- **What to work on**
Below are records with pictures. Reproduce exactly the lines from the line with "Audi q5 2.0" to the line with "DM Downhill Ilmenau", inclusive, and leave each picture out.

Pictures with short captions
★ ★ ★ ★
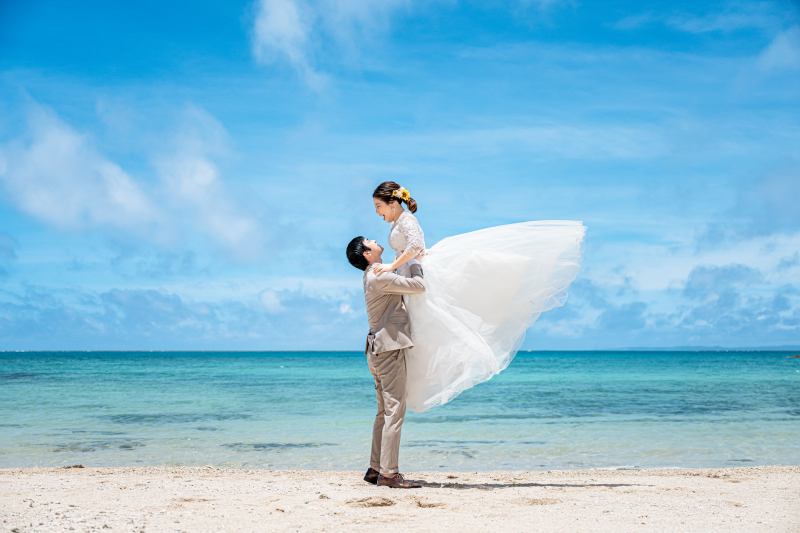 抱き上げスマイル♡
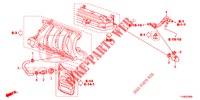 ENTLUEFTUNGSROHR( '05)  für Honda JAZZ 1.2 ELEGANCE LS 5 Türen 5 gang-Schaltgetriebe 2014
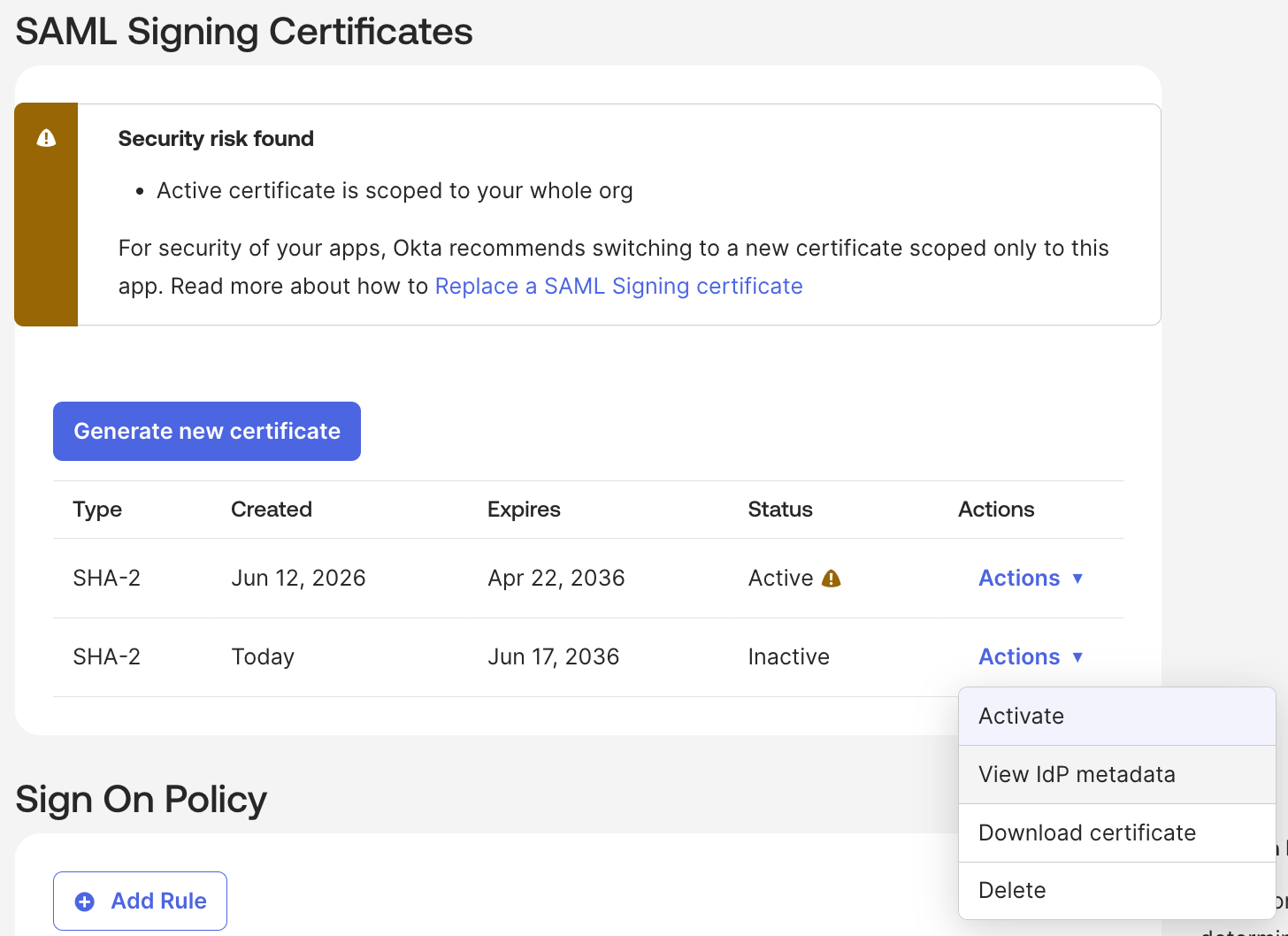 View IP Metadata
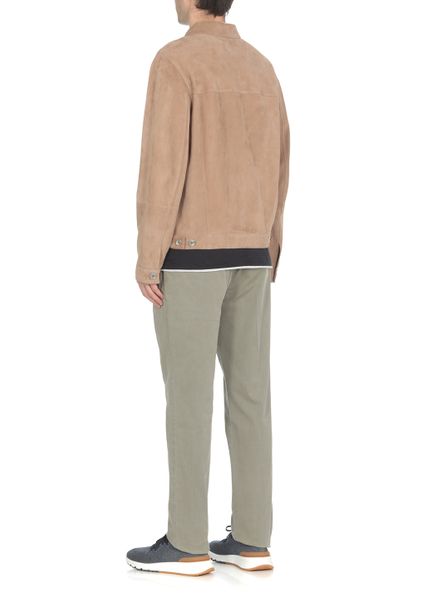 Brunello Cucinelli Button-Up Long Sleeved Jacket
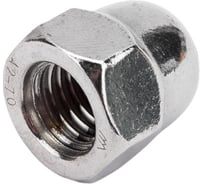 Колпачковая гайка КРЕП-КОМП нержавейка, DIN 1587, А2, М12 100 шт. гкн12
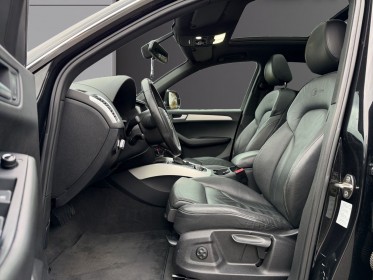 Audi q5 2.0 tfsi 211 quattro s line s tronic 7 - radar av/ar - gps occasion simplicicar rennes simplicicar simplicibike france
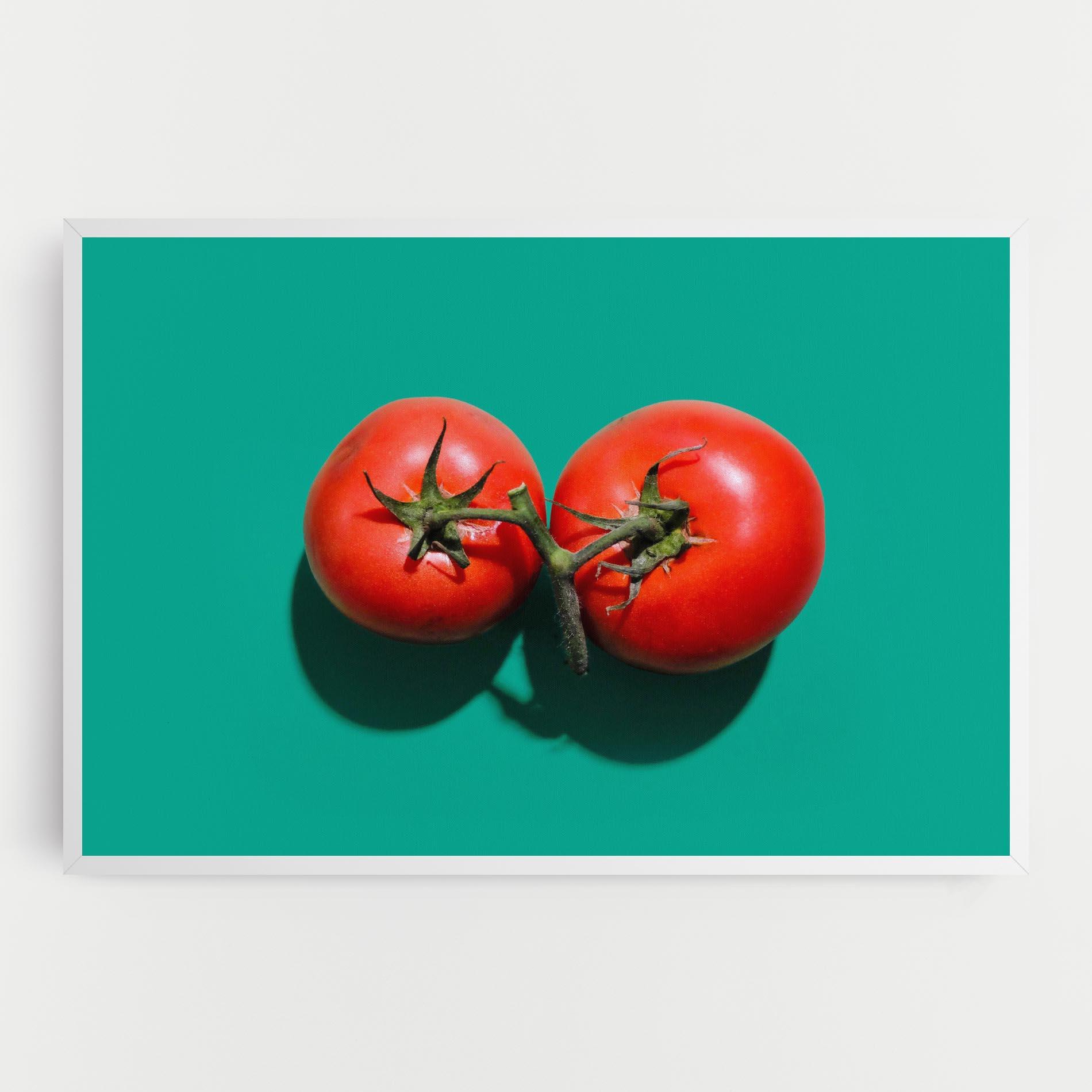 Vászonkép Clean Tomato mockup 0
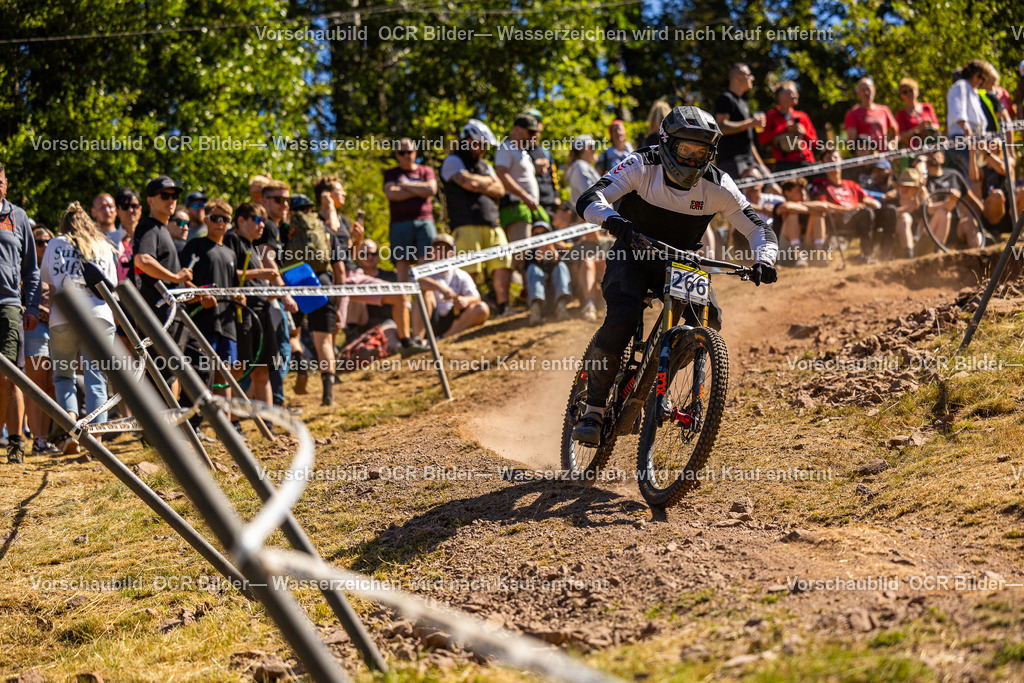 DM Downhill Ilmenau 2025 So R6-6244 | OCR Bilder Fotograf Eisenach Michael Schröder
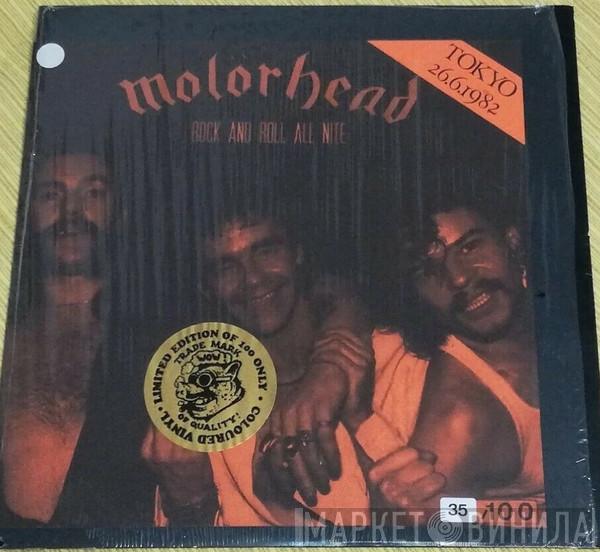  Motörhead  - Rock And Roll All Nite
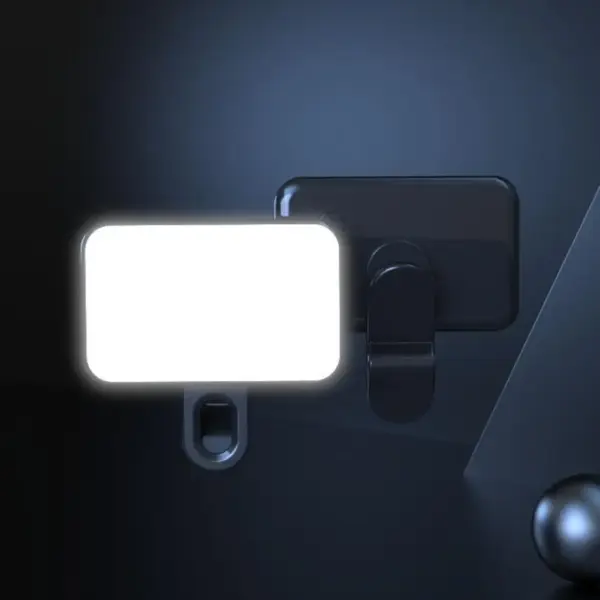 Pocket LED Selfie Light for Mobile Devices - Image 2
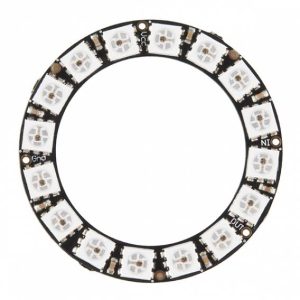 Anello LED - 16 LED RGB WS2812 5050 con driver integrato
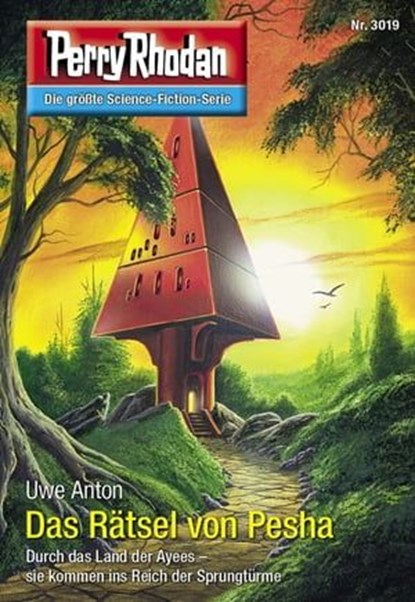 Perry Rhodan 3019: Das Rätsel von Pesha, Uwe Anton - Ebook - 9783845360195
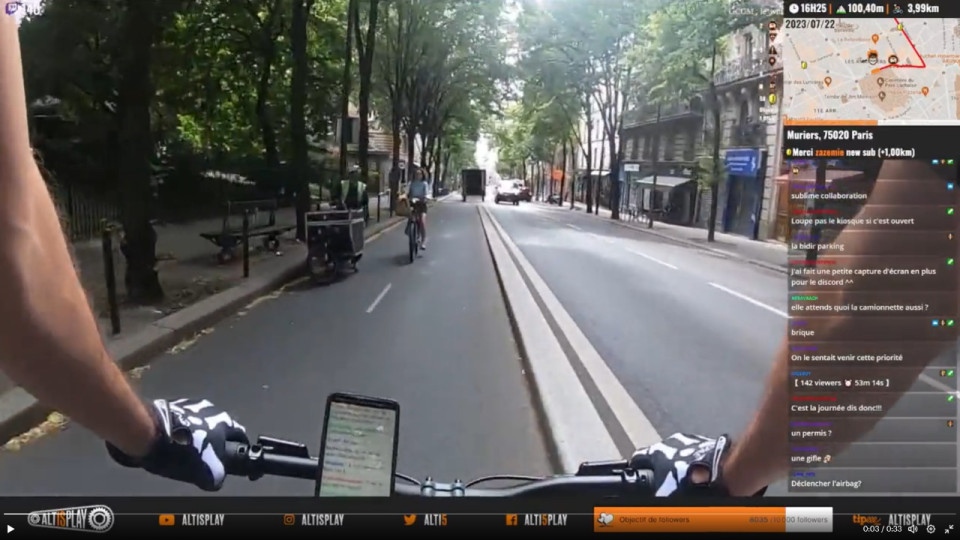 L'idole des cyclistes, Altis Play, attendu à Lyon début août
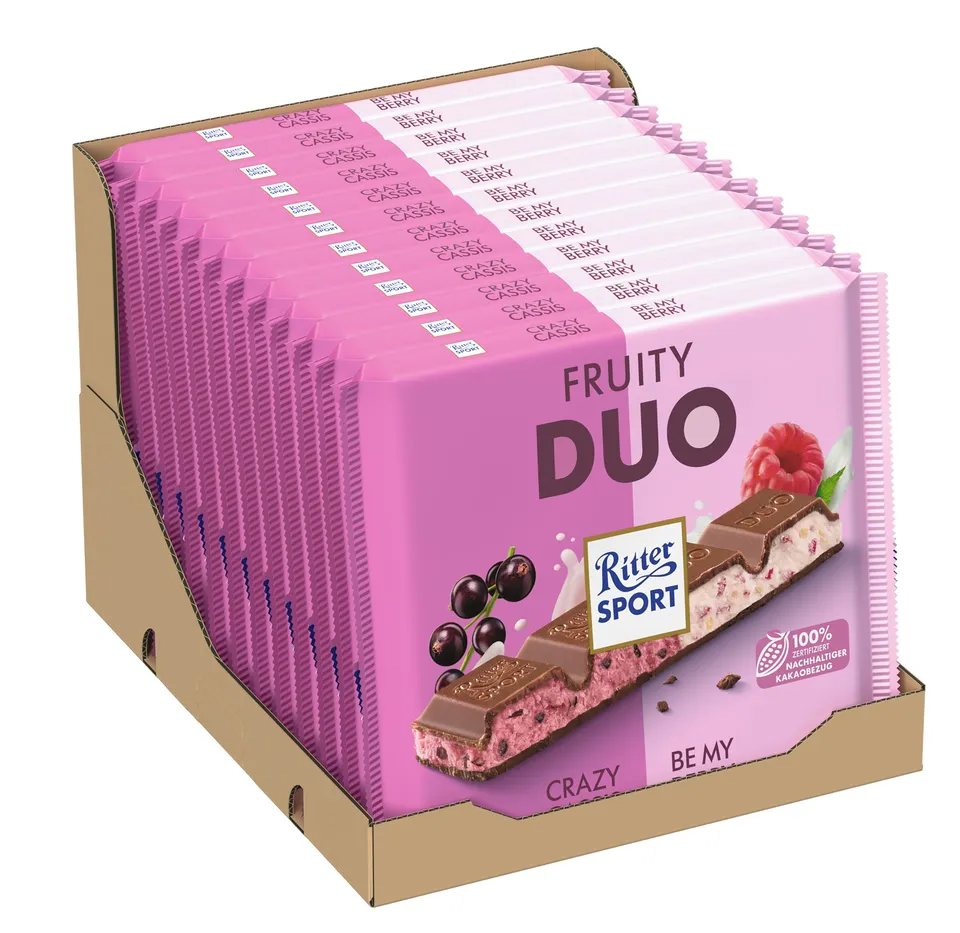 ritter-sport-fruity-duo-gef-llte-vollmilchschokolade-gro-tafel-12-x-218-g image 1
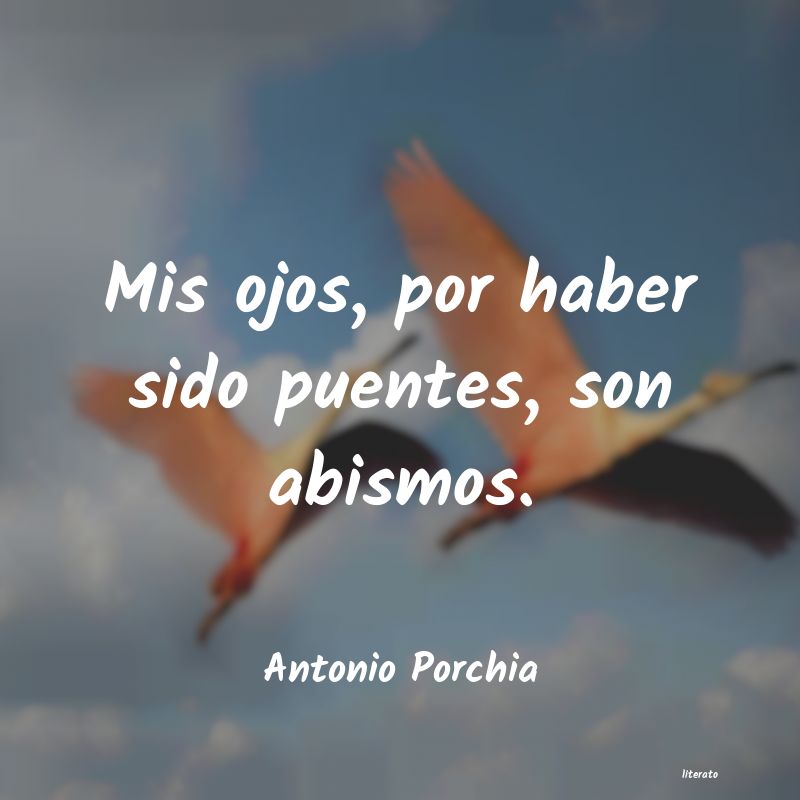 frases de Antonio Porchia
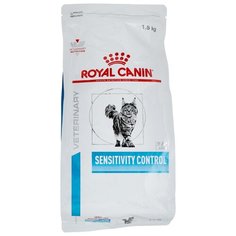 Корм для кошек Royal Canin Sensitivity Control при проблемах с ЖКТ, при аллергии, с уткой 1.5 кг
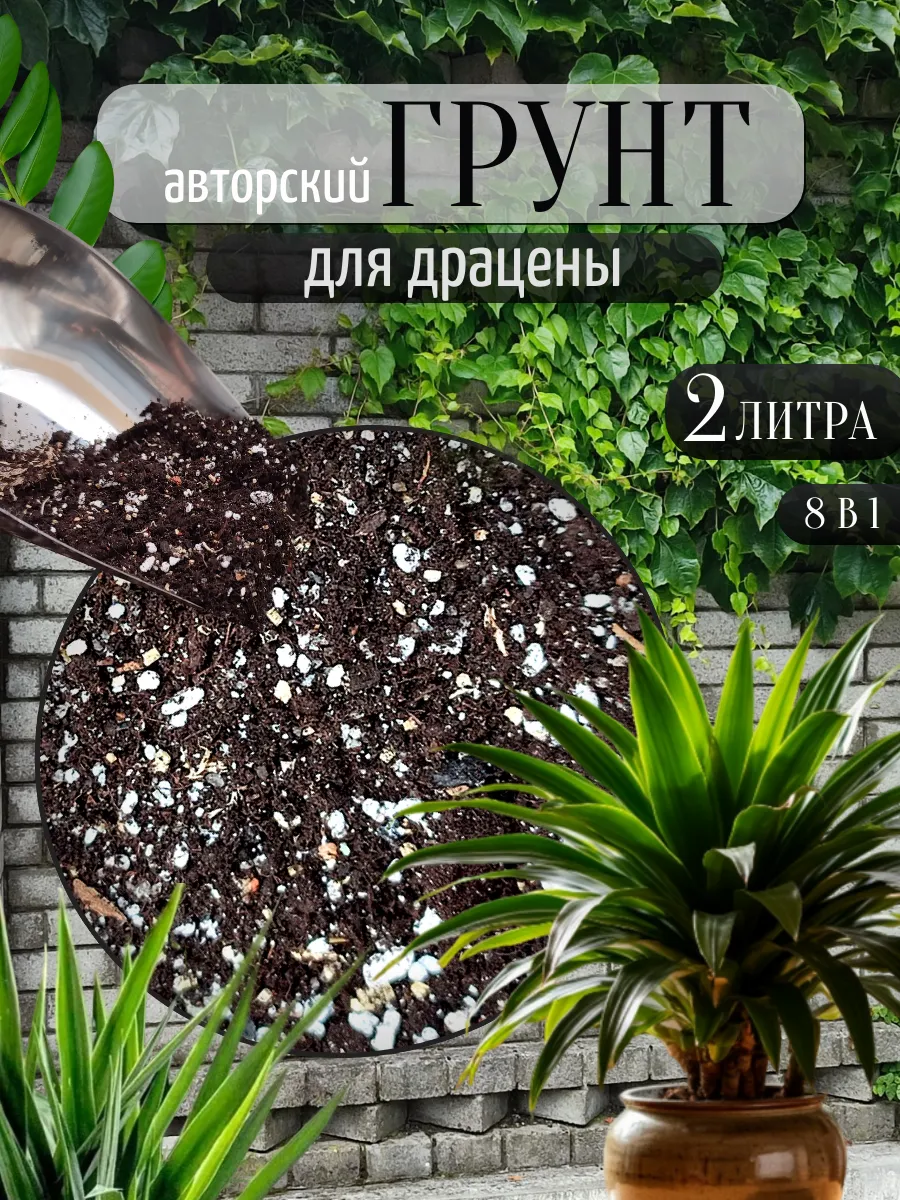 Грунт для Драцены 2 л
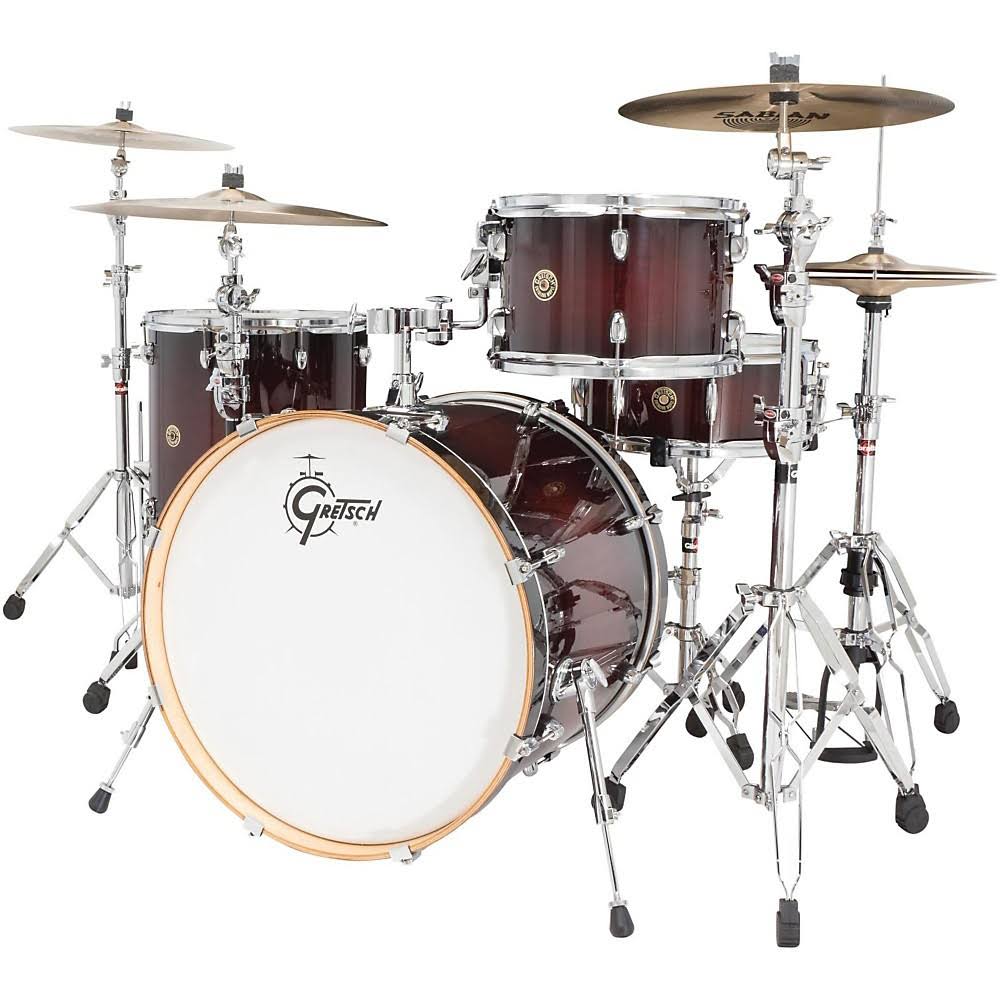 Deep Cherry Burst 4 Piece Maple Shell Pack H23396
★ ★ ★ ★
- **Exercise response**
 Audi q5 2.0 tfsi 211 quattro s line s tronic 7 - radar av/ar - gps occasion simplicicar rennes simplicicar simplicibike france
 Vászonkép Clean Tomato mockup 0
 DM Downhill Ilmenau 2025 So R6-6244 | OCR Bilder Fotograf Eisenach Michael Schröder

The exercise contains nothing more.